(Records excerpted from a collection)

· · · ·

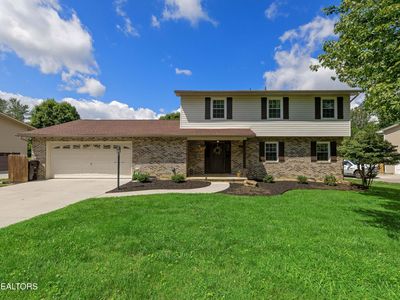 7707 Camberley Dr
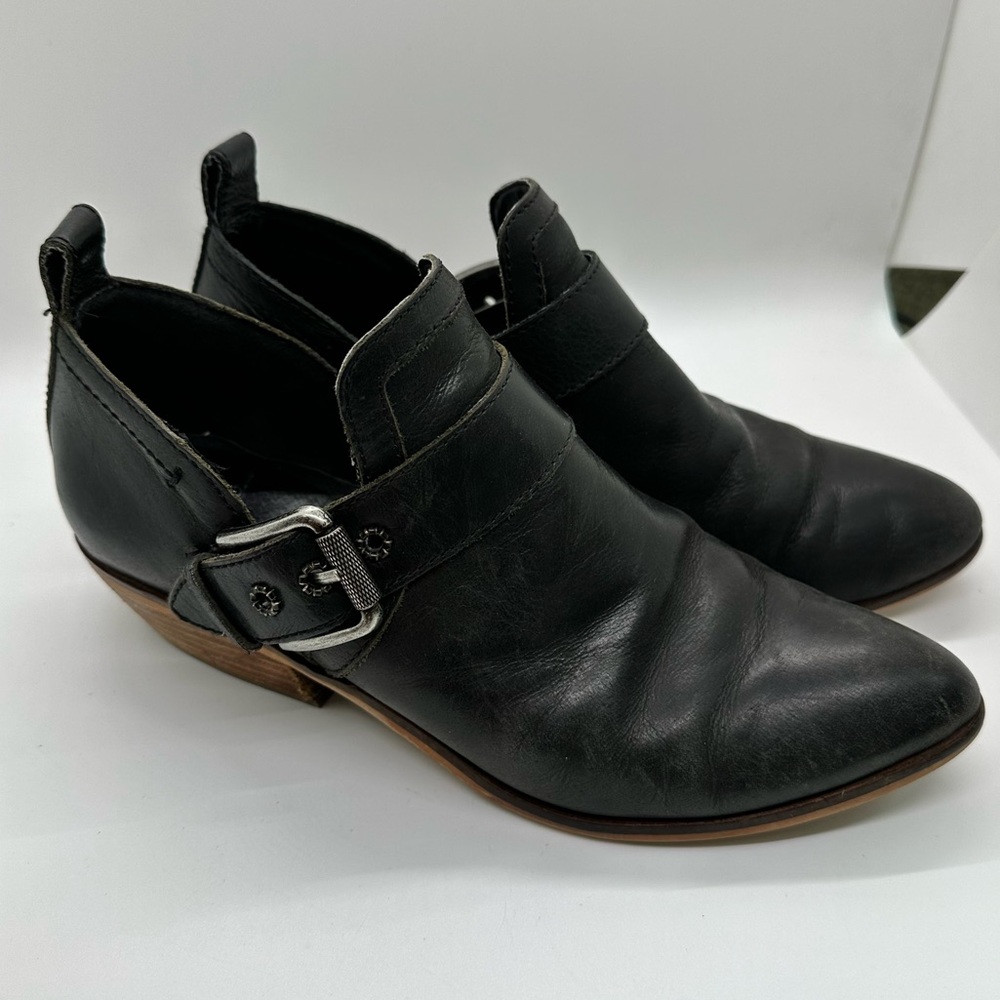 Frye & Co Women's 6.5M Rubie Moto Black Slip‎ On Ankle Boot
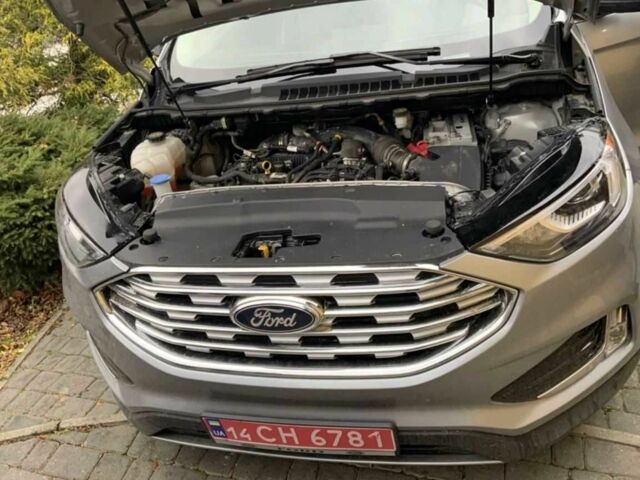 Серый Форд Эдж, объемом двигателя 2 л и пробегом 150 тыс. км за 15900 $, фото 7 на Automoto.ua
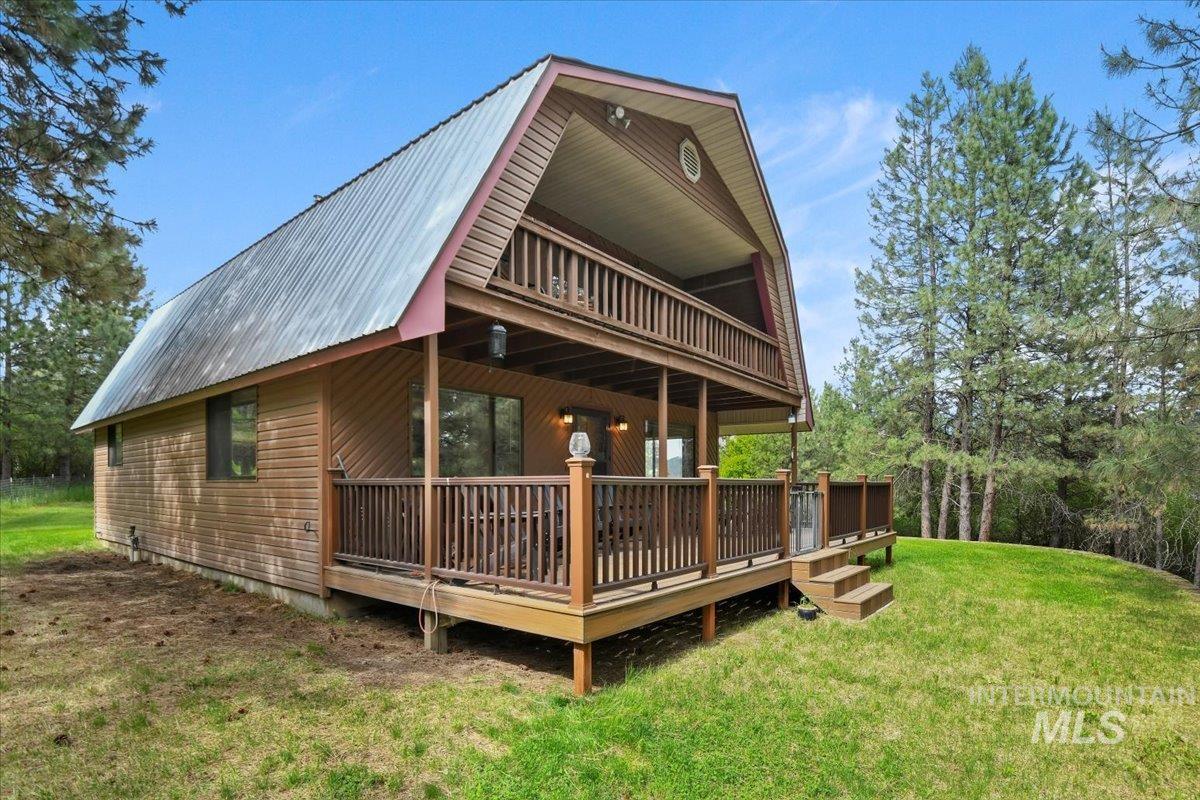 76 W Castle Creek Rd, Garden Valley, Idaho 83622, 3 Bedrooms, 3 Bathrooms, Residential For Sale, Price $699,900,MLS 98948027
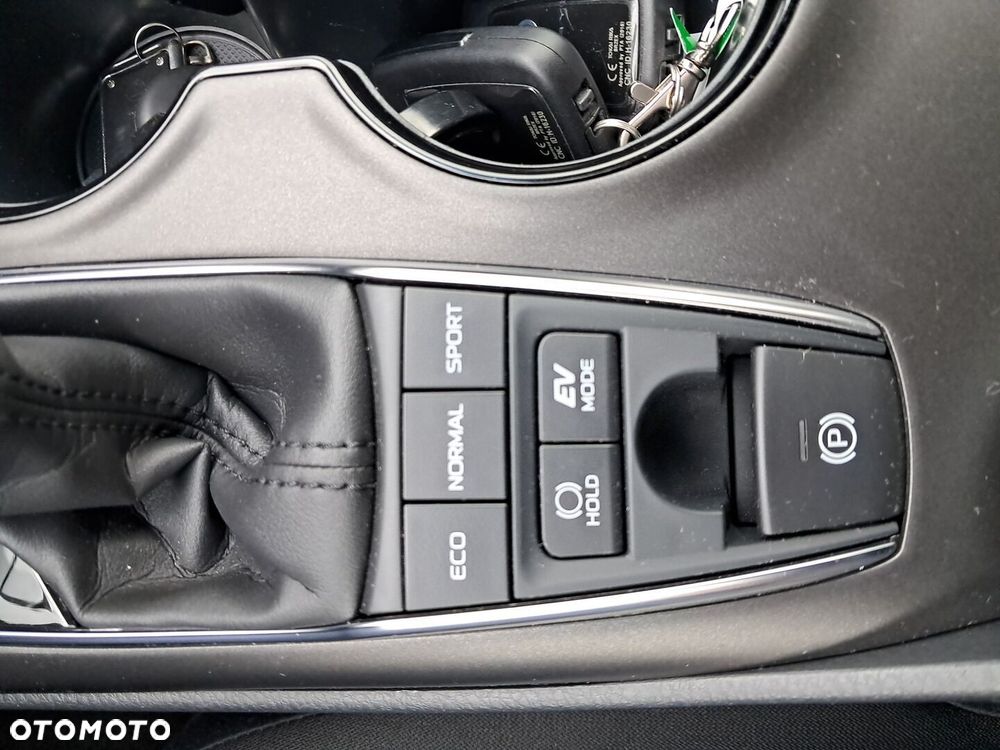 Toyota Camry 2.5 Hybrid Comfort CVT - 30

· · · ·

> Problem requirements:
Reprint every record exactly and skip the pictures.

> Solution to this problem:
 7707 Camberley Dr
 Frye & Co Women's 6.5M Rubie Moto Black Slip‎ On Ankle Boot
 Серый Форд Эдж, объемом двигателя 2 л и пробегом 150 тыс. км за 15900 $, фото 7 на Automoto.ua
 76 W Castle Creek Rd, Garden Valley, Idaho 83622, 3 Bedrooms, 3 Bathrooms, Residential For Sale, Price $699,900,MLS 98948027
 Toyota Camry 2.5 Hybrid Comfort CVT - 30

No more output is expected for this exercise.